Kee, if you have a gain, you should take it. There will be other opportunities to reenter the position even if it is at a higher level and you know what the trend looks like. Remember with high yield stocks, while people like to quote their yield as if it is a bond in which the yield accrues each day that you own it, in reality you only "earn" the yield on the run up into the ex date. Of course, you need to time your trade. The stock could bounce on an earnings release even though they have already said things are on track. I have noticed that NRZ follows the technicals more than a lot of stocks so you may want to pay attention to its diffferent resistance levels.
Just another comment from an anonymous message board poster with no way of verifying that they even own NYMt. One thing is true however, the poster has blind faith in the company without knowing anything about their business. Probably owned Kodak and Kmart and just trusted the market.
Kee, there are plenty of commentators who write about the different relationships in the market. They have the benefit of having studied market history, economic stats, fundamental earnings trends and current sophisticated trading strategies which are impacting the market. Most are saying we still have more decline to come. They write that bear markets don't just end with a violent bear market rally.
One thing I was thinking about was the strength in the dollar. It has gone up plenty and we know that trees don't grow to the sky.
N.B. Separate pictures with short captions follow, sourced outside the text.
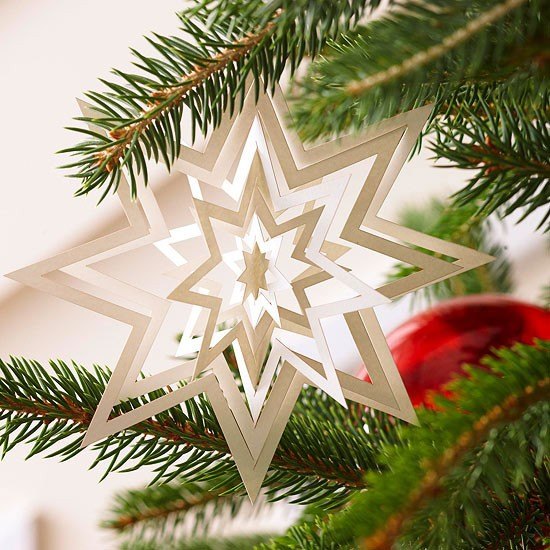bricolage avec du papier Noël décoration sapin étoile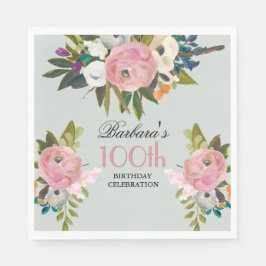 Elegant Handpainted Floral 100th Birthday Party  Serviette
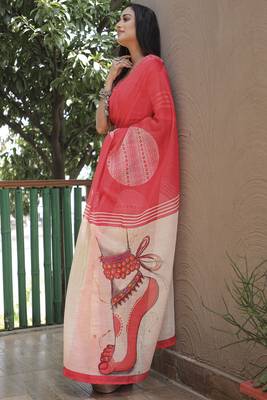Amazingly Figure Printed Pink Linen Saree 3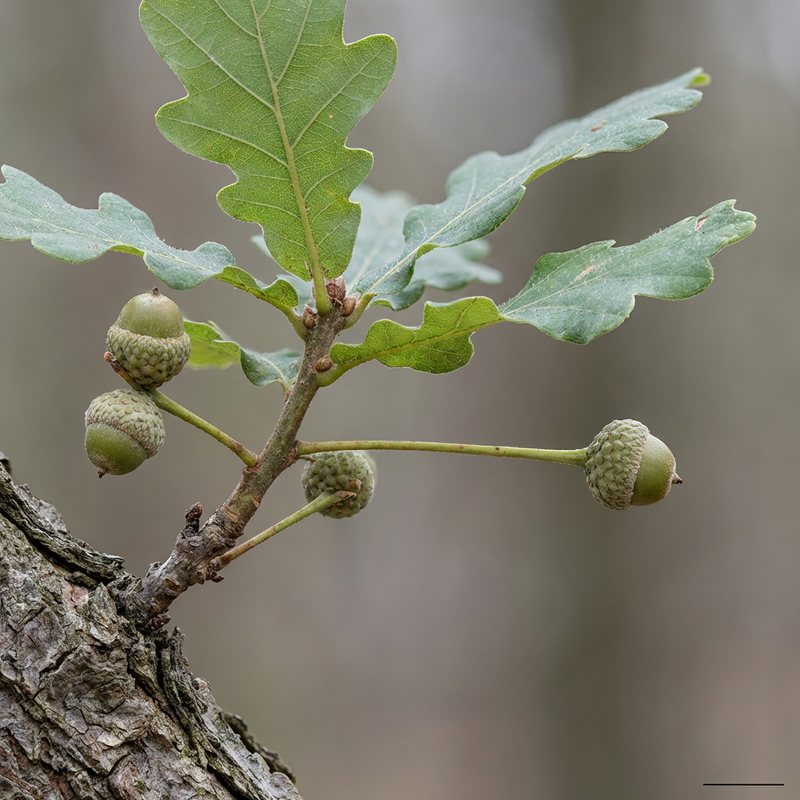 Stieleiche (Quercus robur), KI-Illustration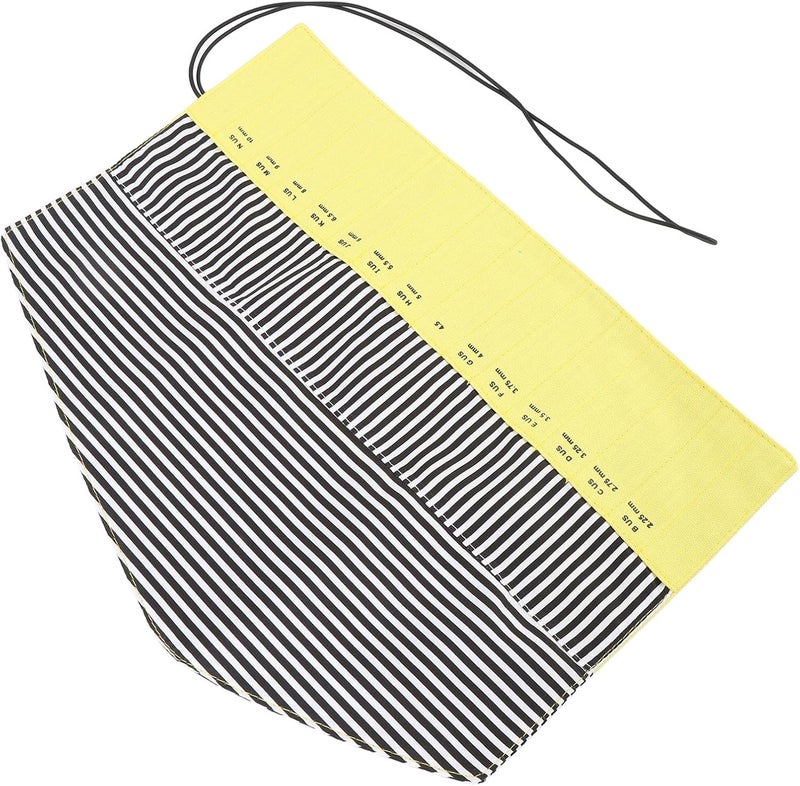 RASTKY Portable Crochet Hook Bag Compact Knitting Needle Organizer with Size Markings for Effortless Access (Yellow) - Image 5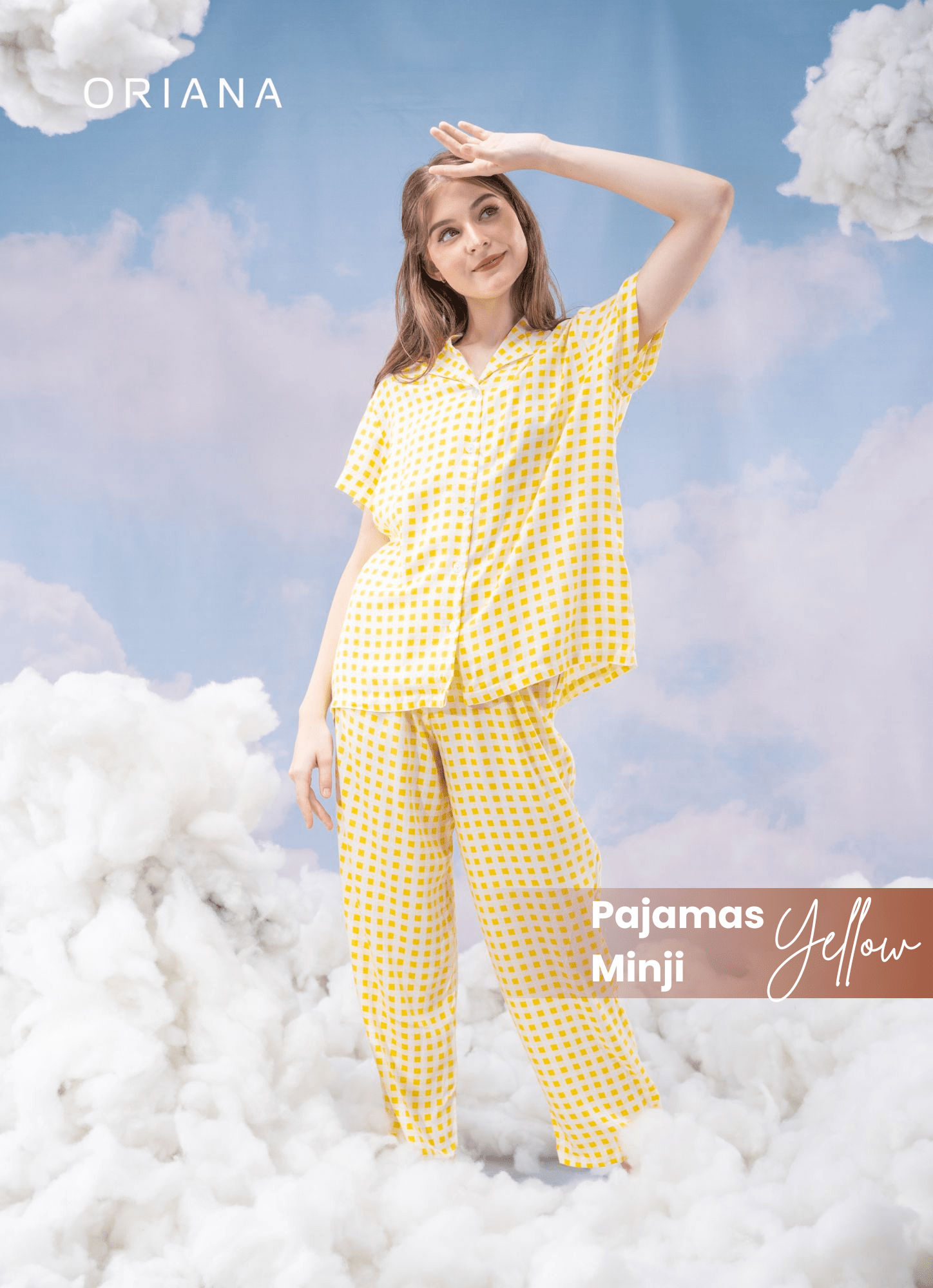 Oriana Sleepwear Piyama Rayon Kotak-Kotak Minji Series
When the dollar starts to reverse that is when oil is going to reverse and because so many funds are long the dollar, the reversal could be significant and lead the supply/demand fundamentals.
since many are trying to determine whether there is a bottom, here is a piece I saw today:
On Wednesday, the S&P 500 probed below the August 2015 and October 2014 lows a
t 1867 and 1820 on the move down to 1812. This intra-day drop of 3.67% did not trigger an intra-day NYSE ARMS panic reading of 2.0 or more and we have not gotten any closing ARMS above 2.0. This suggests that the decline was orderly and not capitulation. This is unlike the late September and late August lows of 1872-1867, which coincided with panic readings for daily closing ARMS of 2.0 or more
I have heard of the ARMS reading but don't know where that is published regularly.
Exactly. The average stock is down more than 20% so those who keep pretending that there is no damage because the market-weighted averages have held up are just mistaken. Apple reports on Tuesday. It could save the market for now, or it could restart the decline. Let's be clear, some stocks have still turned in good results, like VZ as Bob mentioned. Some sectors are better insulated than others.